Una anécdota dice que, en el granero de la casa donde vivía, estaba arrumbado un viejo clavecín: durante la noche se escuchaban sonidos armoniosos que se atribuían a un duende travieso. Pero un día, los moradores de la casa, decidios a aclarar el misterio, se proveyeron de una lámpara y de sendos garrotes, y se encaminaron hacia el granero: abrieron la puerta de improviso y, ante el sombro general, descubrieron que el duende travieso no era otro que el pequeño Jorge Federico quien, venciendo el temor a la soledad y la obscuridad, dejaba su lecho para ir a recrearse en el abandonado instrumento.

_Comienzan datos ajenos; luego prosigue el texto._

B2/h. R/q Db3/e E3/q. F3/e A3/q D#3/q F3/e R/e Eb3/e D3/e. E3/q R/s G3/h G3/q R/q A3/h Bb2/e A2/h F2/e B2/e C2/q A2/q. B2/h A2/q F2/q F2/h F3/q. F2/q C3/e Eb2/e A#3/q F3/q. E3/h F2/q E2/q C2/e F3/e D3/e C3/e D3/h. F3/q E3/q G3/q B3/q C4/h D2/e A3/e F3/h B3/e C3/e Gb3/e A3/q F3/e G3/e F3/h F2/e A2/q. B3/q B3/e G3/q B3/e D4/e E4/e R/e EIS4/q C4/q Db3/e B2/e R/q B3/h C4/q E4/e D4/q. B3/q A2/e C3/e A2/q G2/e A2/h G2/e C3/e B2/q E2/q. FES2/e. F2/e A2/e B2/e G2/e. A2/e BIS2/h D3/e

La otra anécdota cuenta que acompañado de Matheson hizo un viaje a Lübeck para escuchar al organista Buxtehude. Tuvo un duelo a espada con Matheson, en el que estuvo a punto de perder la vida, salvándose gracias a que la punta de la espada de su enemigo se rompió al chocar con un botón de la casaca: inmediatamente se reconciliaron y juntos participaron en los ensayos de "Almira", la primera ópera de Händel, que fue estrenada con éxito el 8 de enero de 1705.

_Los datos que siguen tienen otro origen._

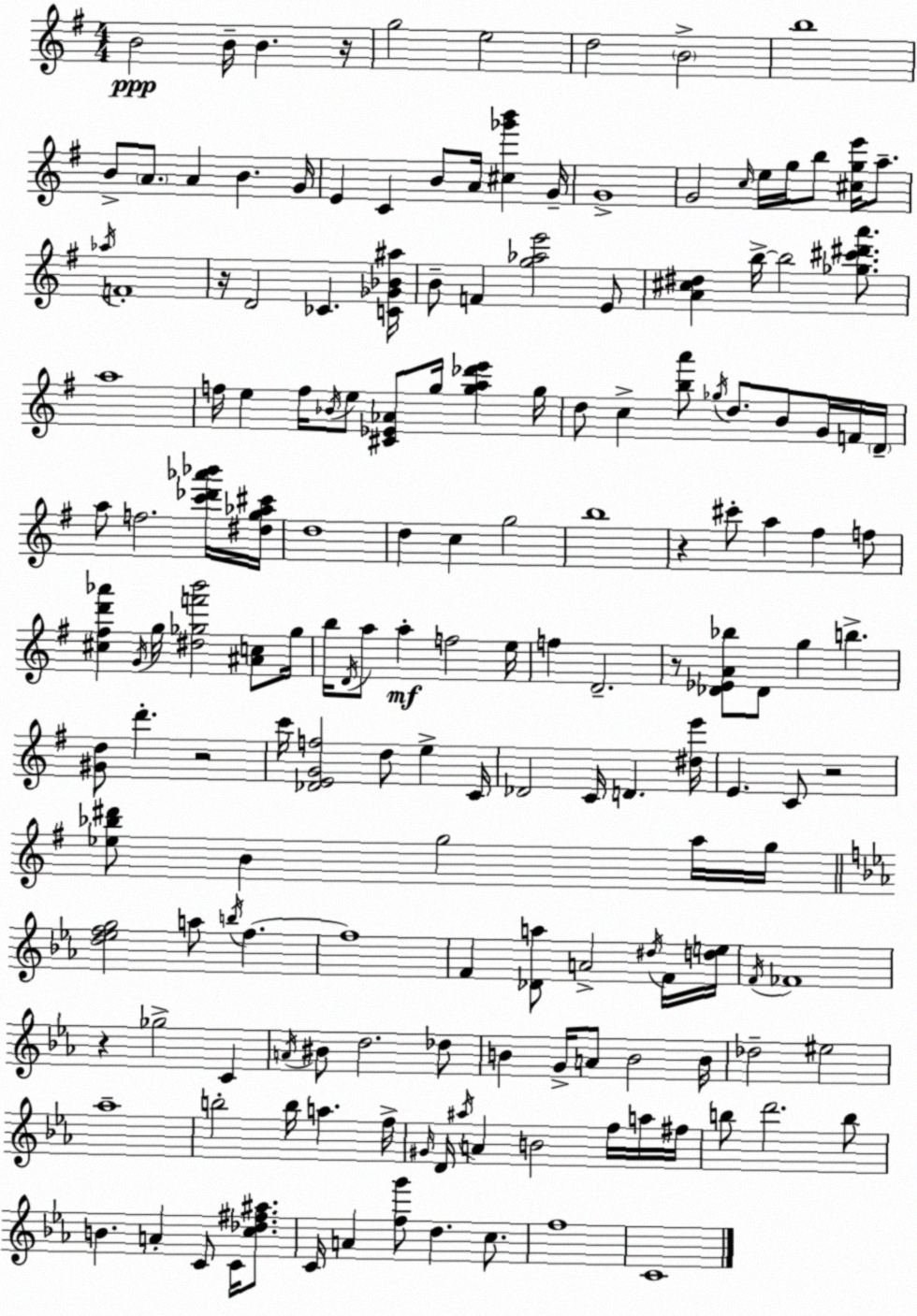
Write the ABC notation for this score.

Por último, en 1726 sucedió en escena algo totalmente imprevisto: en la ópera "Alejandro" la rivalidad entre las dos cantantes que representaban los papeles de las amantes del gran conquistador, llegó a tal grado que, no pudiendo contenerse, se tomaron de los cabellos y sostuvieron una violenta riña, en medio del regocijo y el griterío del auditorio presidido por la princesa de Gales. Se dice que Haendel no perdio la serenidad, antes al contrario, animaba a las contendientes con sonoros redobles de timbales al mismo tiempo que decía: "Dejadlas. Cuando estén cansadas su furor caerá por sí solo".